Essas são algumas das perguntas que a advogada Anita Hill precisou responder em 11 de outubro de 1991, perante a Comissão de Justiça do Senado dos Estados Unidos, que abordava suas acusações de assédio sexual contra o juiz Clarence Thomas, nomeado pelo presidente republicano George Bush pai. Após a sabatina, Thomas seria confirmado como novo membro vitalício da Corte Suprema, a mais alta instância judicial do país. O juiz havia sido supervisor de Hill, uma professora de Direito na época com 35 anos, quando ela trabalhava no Departamento de Educação e na Comissão de Oportunidades Iguais de Emprego. Ela relatou que tinha sido objeto de assédio sexual constante por parte dele: Thomas a pressionava para que saíssem juntos, falava de pornografia com ela e se referia ao tamanho de seu pênis, entre outras coisas.

Aquela sessão no Senado, realizada por um painel formado só por homens brancos, transformou-se no paradigma de interrogatório machista e de culpabilização da suposta vítima nos EUA. Não só pelas perguntas. Permitiu-se, por exemplo, o depoimento de um amigo do juiz e conhecido de Hill – sem a investigação prévia sobre o homem, como era habitualmente exigido. Ele acusou a advogada de ser “instável” e de “não lidar bem com a rejeição.”

Por outro lado, não foi chamada a declarar (apesar de formalmente convocada) Angela Wright, uma antiga funcionária da Comissão de Oportunidades Iguais de Emprego, que também acusava o juiz de tratamento inapropriado. A credibilidade de Wright havia sido questionada previamente por senadores republicanos. A imagem mais contundente daquela jornada foi oferecida provavelmente pelo político conservador Orrin Hatch, que levou um exemplar do romance O Exorcista à sabatina. Ele leu fragmentos em voz alta para insinuar que Anita Hill havia se inspirado no livro para contar sua história.
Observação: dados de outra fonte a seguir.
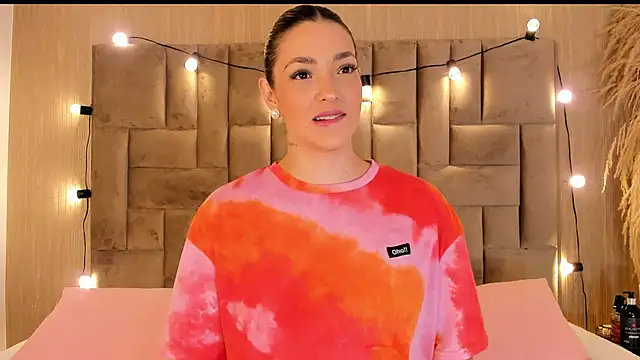 Snapshot of ClaradelMar chatting on November 2025 10:37:01 AM ClaradelMar online show from November 2025 10:37:01 AM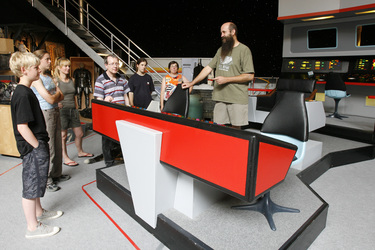 Martin Netter führt Besucher durch seine Ausstellung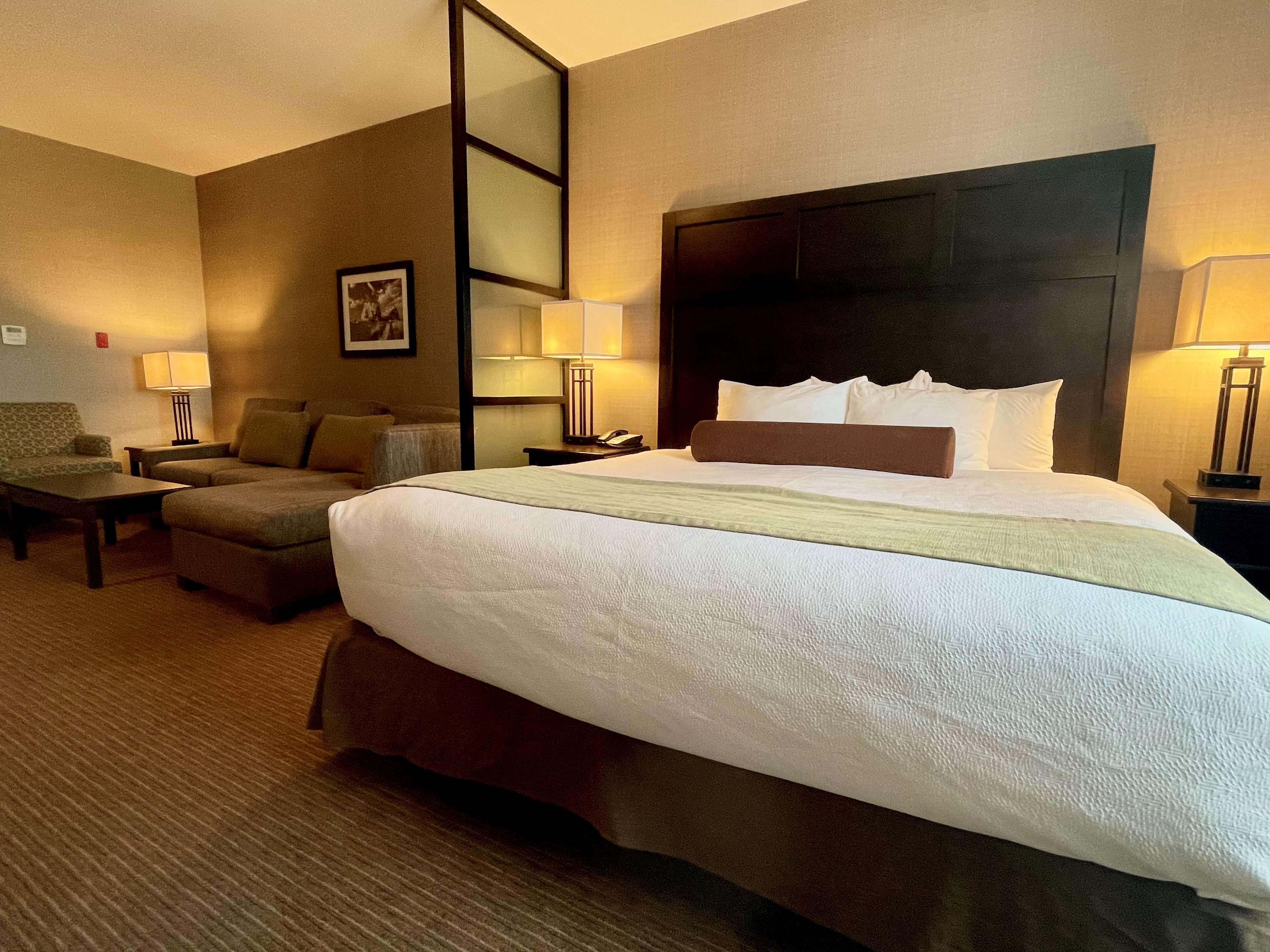 Best Western Plus Okotoks Inn & Suites Bagian luar foto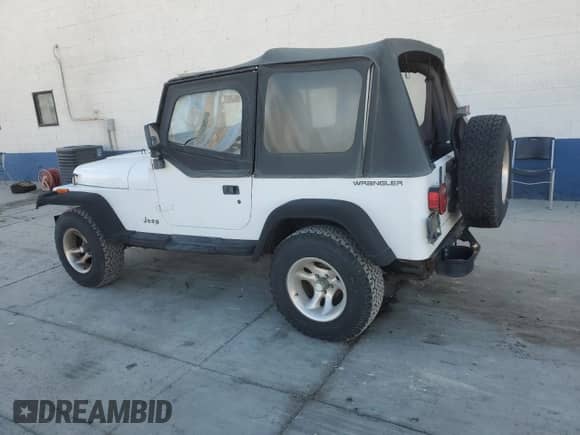 1994 Jeep Wrangler S с VIN 1J4FY19P1RP402410, выставлен на аукционе Copart как лот 90682685 с пробегом 96 066 миль миль и Чистый • Clean title. История ставок и продаж доступна на DreamBid. Изображение 2.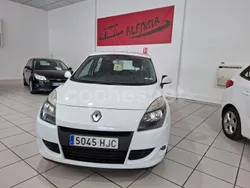Blanco Usado 2012 Renault Scénic III Authentique Monovolumen | 8700 € (Un poco caro)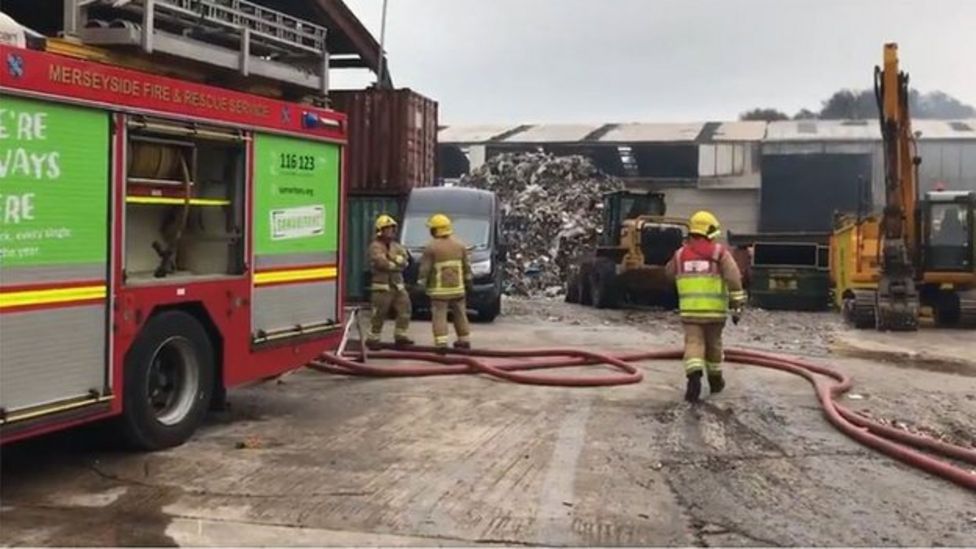 Liverpool warehouse fire 'started accidentally' - BBC News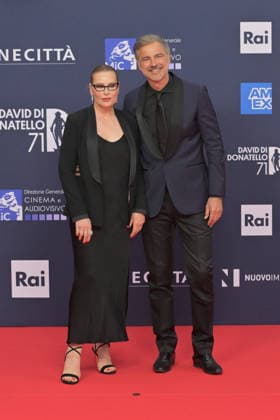 News - 71^ Edizione David di Donatello 2026 - Cerimonia di Premiazione Beppe Convertini and Simona Borion attend the photocall during the 71th David Di Donatello at Cinecitta Studios on May 06, 2026 in Rome, Italy Roma Roma Italy Copyright: xRobertoxBettacchix xLiveMediax LPN_2434641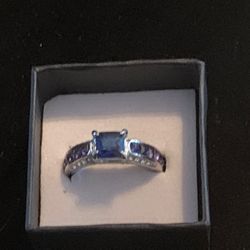 10k White Tone Gold Ring w/ Blue Sapphire & Clear Stones - Size 7
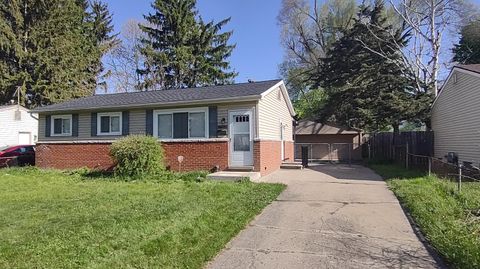 2365 Ravinewood Ypsilanti Charter Township MI 48198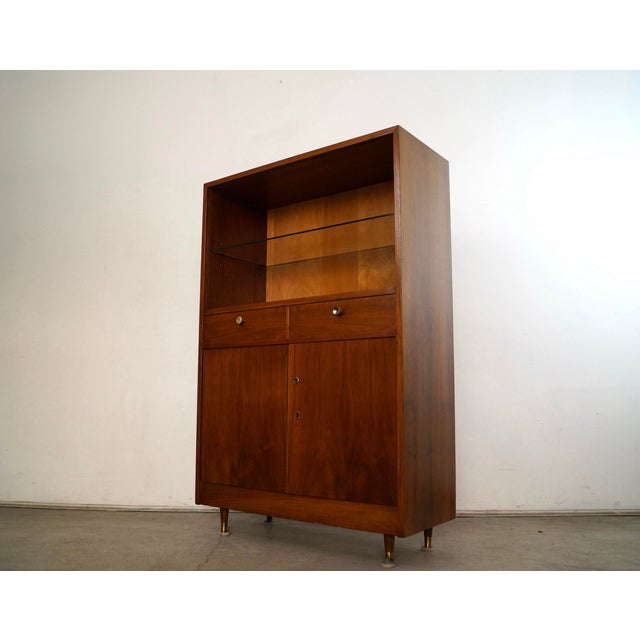 1960’s Mid-Century Modern Walnut Cabinet / Hutch For Sale In Los Angeles - Image 6 of 12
Thomas, que sempre negou as acusações, foi confirmado como novo juiz da Suprema Corte. Hatch, o senador do livro O Exorcista, ainda é membro da Comissão de Justiça do Senado. E o presidente do organismo, ou seja, o homem que presidiu a sessão e permitiu algumas perguntas e insinuações corrosivas contra Hill, acaba de anunciar sua intenção de se tornar o próximo presidente dos EUA. É Joe Biden.
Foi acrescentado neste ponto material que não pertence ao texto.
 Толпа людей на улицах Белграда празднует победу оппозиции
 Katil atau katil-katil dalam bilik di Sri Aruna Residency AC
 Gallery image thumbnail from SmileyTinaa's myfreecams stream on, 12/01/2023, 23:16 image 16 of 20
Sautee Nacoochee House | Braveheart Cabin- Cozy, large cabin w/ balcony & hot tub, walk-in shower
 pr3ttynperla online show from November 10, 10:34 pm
O pré-candidato democrata favorito nas pesquisas recebeu a vista de um velho fantasma: o de Anita Hill, transformada no símbolo da luta contra o assédio sexual nos EUA. O veterano político, de 76 anos, votou contra Thomas. Esse é só um episódio da longa carreira de Biden, o vice-presidente da era Obama (2009-2017) e senador por Delaware desde 1972. Mas na era do #MeToo, a ferida daquela audiência continua aberta.
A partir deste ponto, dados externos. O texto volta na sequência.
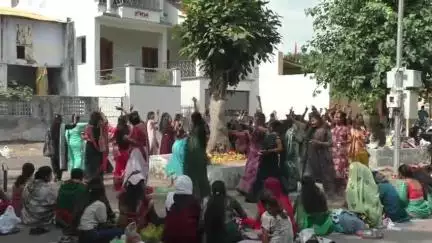 બારડોલી: બારડોલી પંથકમાં વટ સાવિત્રીનો તહેવાર ધામધૂમથી ઉજવાયો: પતિના લાંબા આયુષ્ય અને સુખી દાંપત્ય જીવન માટે પ્રાર્થના કરી.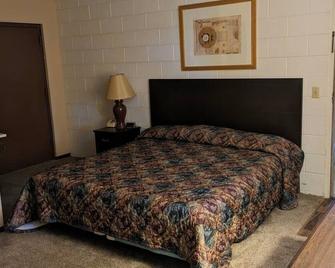 Paradise Falls Motel & Liquor Llc - Red Lake Falls - Bedroom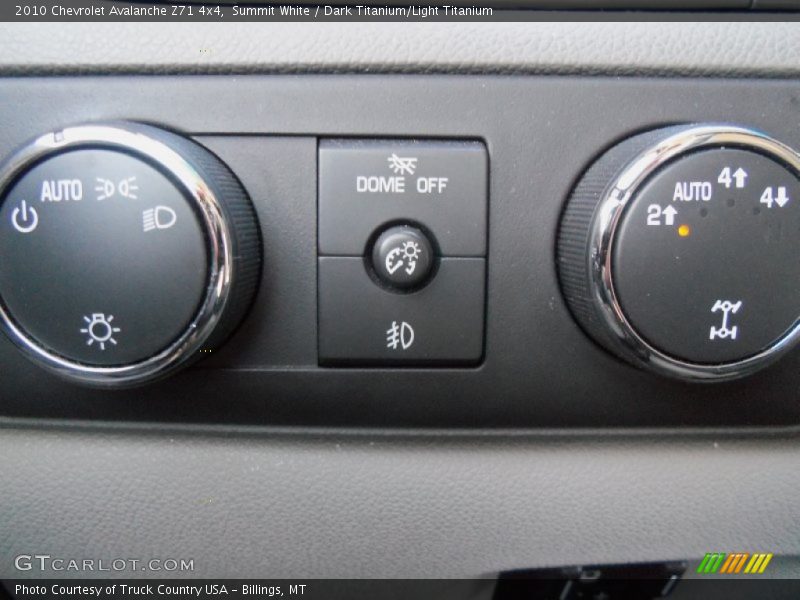 Summit White / Dark Titanium/Light Titanium 2010 Chevrolet Avalanche Z71 4x4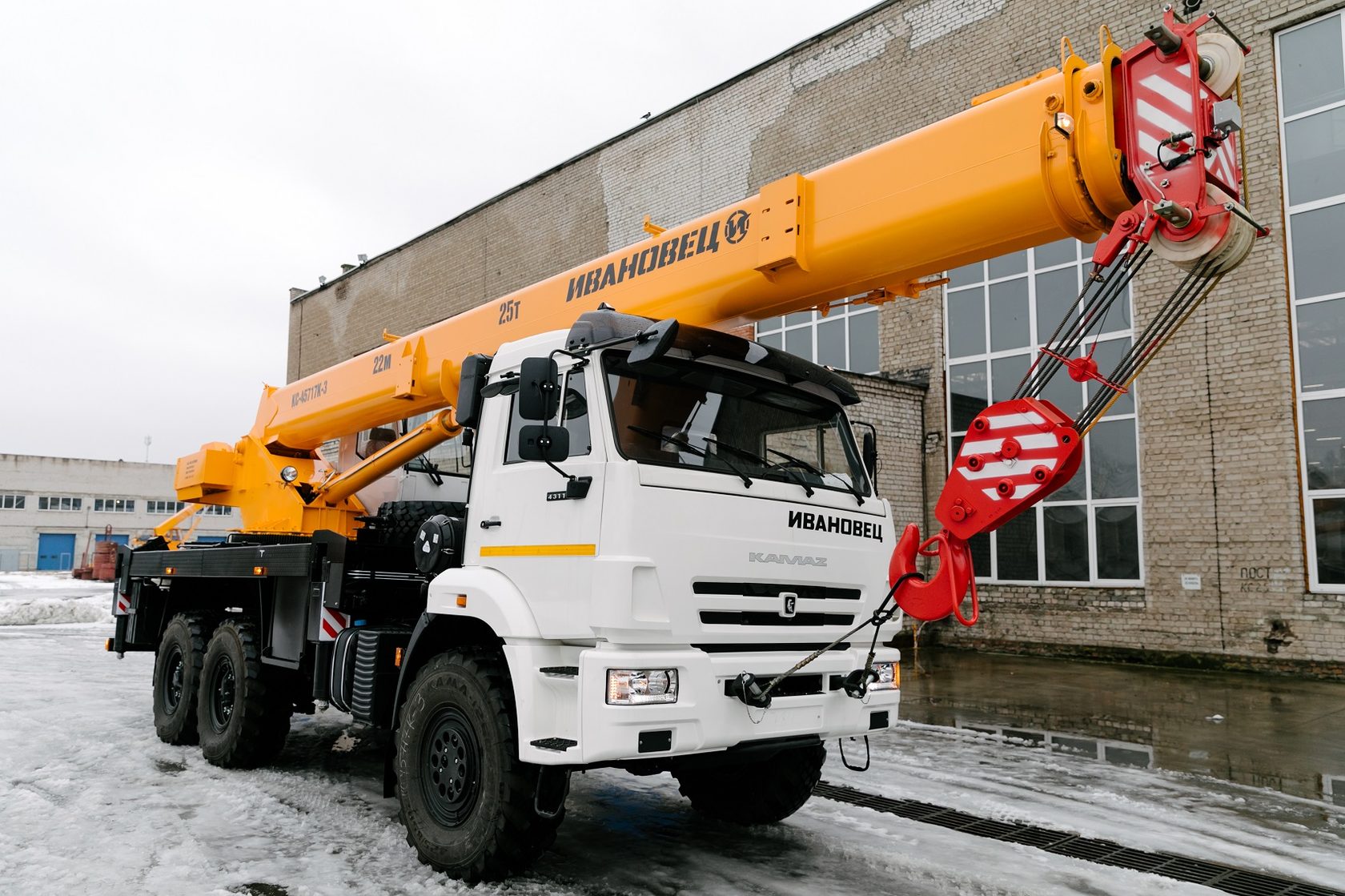 Автокран ивановец. Автокран Ивановец КС-45717к-3. Автокран Ивановец КС-45717к-3м. Ивановец КАМАЗ 43118. Автокран КАМАЗ КС 45717.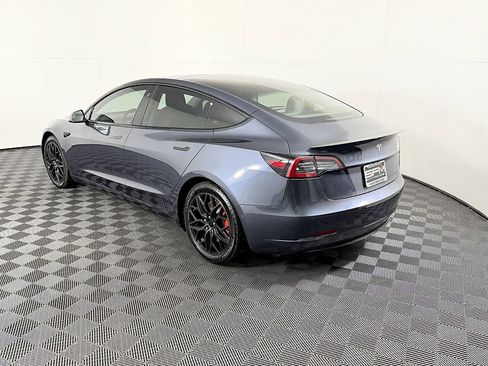 Used 2022 Tesla Model 3 Performance image 12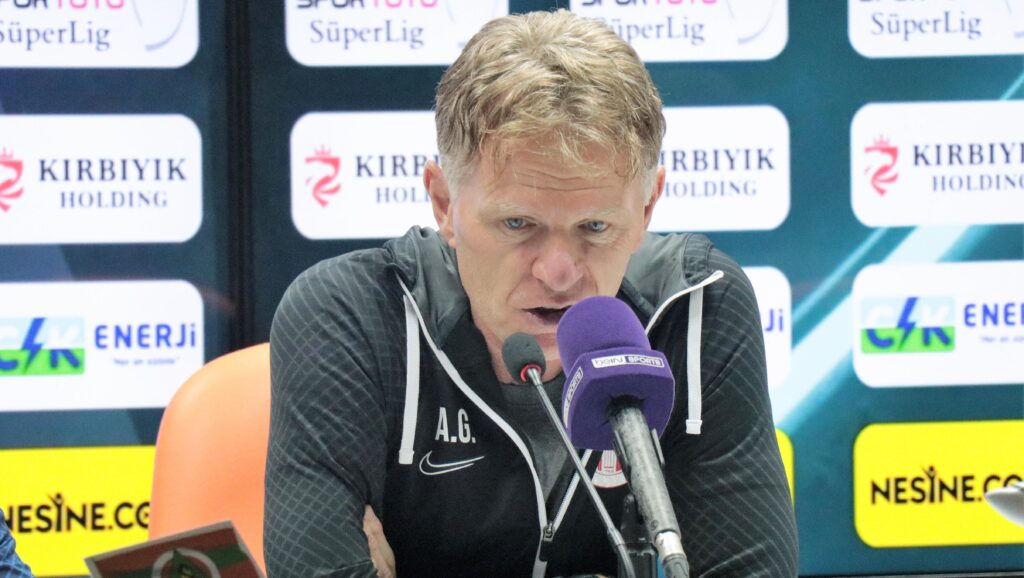 Alfons Groenendijk: Defansımız yine sınıfta kaldı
Muito consciente de que isso aconteceria, Biden telefonou semanas atrás para Anita Hill e disse que sentia muito pelo que havia acontecido. Ele já havia se referido ao assunto em público, em várias ocasiões, mas não quis pedir perdão diretamente. Apenas lamentou o tom daquela sessão. O telefonema pessoal para Hill demorou 28 anos e foi revelado por uma porta-voz do vice-presidente na tarde da última quinta-feira, horas depois de Biden anunciar sua candidatura às primárias democratas.

Tampouco foi uma desculpa por sua atuação, como ficou claro no dia seguinte, sexta-feira de manhã, numa entrevista à rede ABC. A apresentadora perguntou a Biden se ele não considerava que deveria pedir desculpas a Hill pelo modo como a havia tratado. “Lamento pela forma como ela foi tratada”, disse ele, antes de completar: “Se você olhar o que eu disse e não disse, não creio que a tenha tratado mal.” “Eu gostaria”, insistiu “que tivéssemos encontrado uma maneira melhor de fazer isso. Fiz tudo ao meu alcance para fazer o que eu achava que estava dentro das regras para poder parar as coisas.”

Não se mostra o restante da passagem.